The importance of hard X-ray astronomy (>10 keV) is now widely recognized. Recently both ESA and NASA have
indicated in their guidelines for the progress of X- and γ-ray astronomy in the next decade the development of new
instrumentation working in the energy range from the keV to the MeV region, where important scientific issues are still
open, exploiting high sensitivity for spectroscopic imaging and polarimetry observations. The development of new
concentrating (e.g. multilayer mirror) telescopes for hard X-rays (10 -100 keV) and focusing instruments based on Laue
lenses operating from ~60 keV up to a few MeV is particularly challenging. We describe the design of a threedimensional
(3D) depth-sensing position sensitive device suitable for use as the basic unit of a high efficiency focal
plane detector for a Laue lens telescope.
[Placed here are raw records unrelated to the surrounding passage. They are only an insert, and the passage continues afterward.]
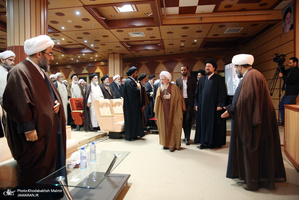 مراسم رونمایی از کتاب «تحریرالاصول» به قلم آیت الله العظمی جوادی آملی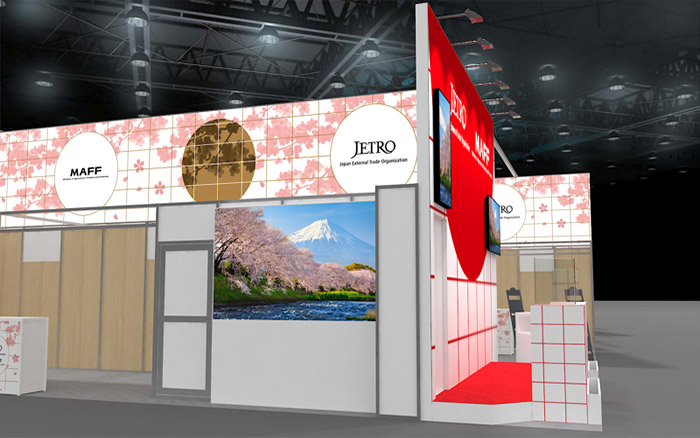 上海進(jìn)口博覽會展臺搭建圖片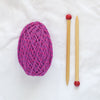 Discover Knitting: Scarf Kit - Pink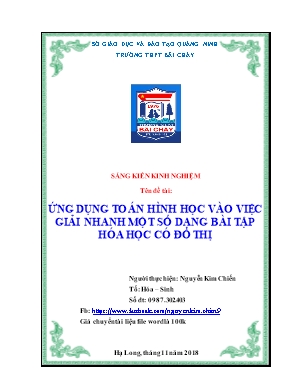 Sáng kiến kinh nghiệm: Ứng dụng toán hình học vào việc giải nhanh một số dạng bài tập hóa học có đồ thị - Năm học 2018-2019 - Nguyễn Kim Chiến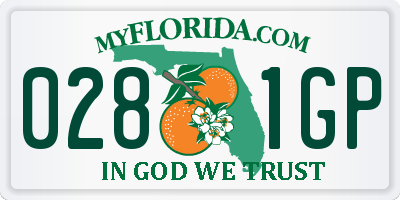 FL license plate 0281GP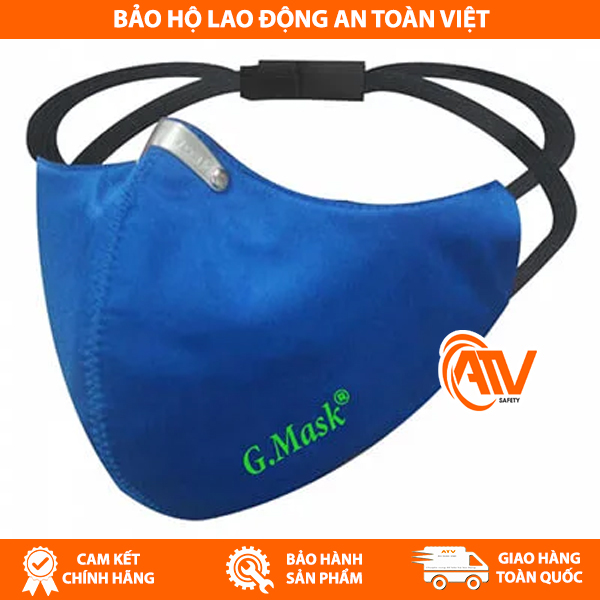 Khẩu Trang Vải Than Hoạt Tính GMask có dây đeo sau đầu tránh đeo đau tai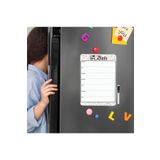 Dünya Magnet Hafalık Menü Magnet Planlayıcı , Katlanabilir Silinebilir Mıknatıslı Yazı Tahtası + Kalem
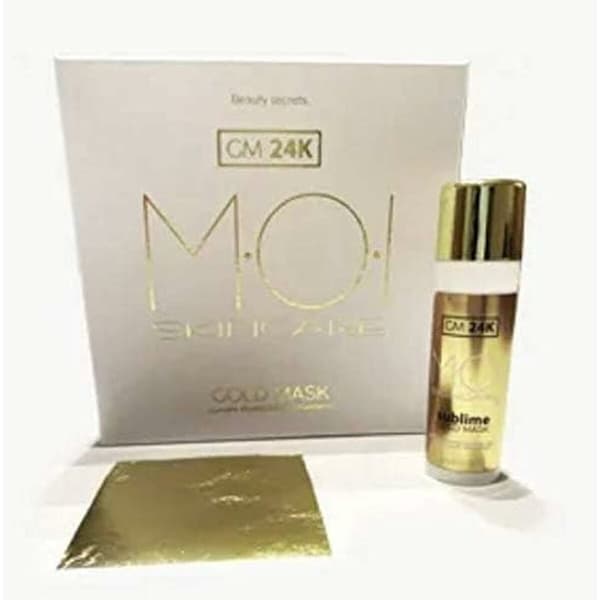 Ansiktsmask MOI GOLD MASK 24K 7 Delar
The sensitive unit is a drift strip detector based on a CZT crystal, (10×10 mm2
area, 2.5 mm thick), irradiated transversally to the electric field direction. The anode is segmented into 4 detection cells,
each comprising one collecting strip and 8 drift strips. The drift strips are biased by a voltage divider, whereas the anode
strips are held at 0 V. The cathode is divided in 4 horizontal strips for the reconstruction of the Z interaction position.
The 3D prototype will be made by packing 8 linear modules, each composed of 2 basic sensitive units, bonded onto a
ceramic layer together with the readout electronics.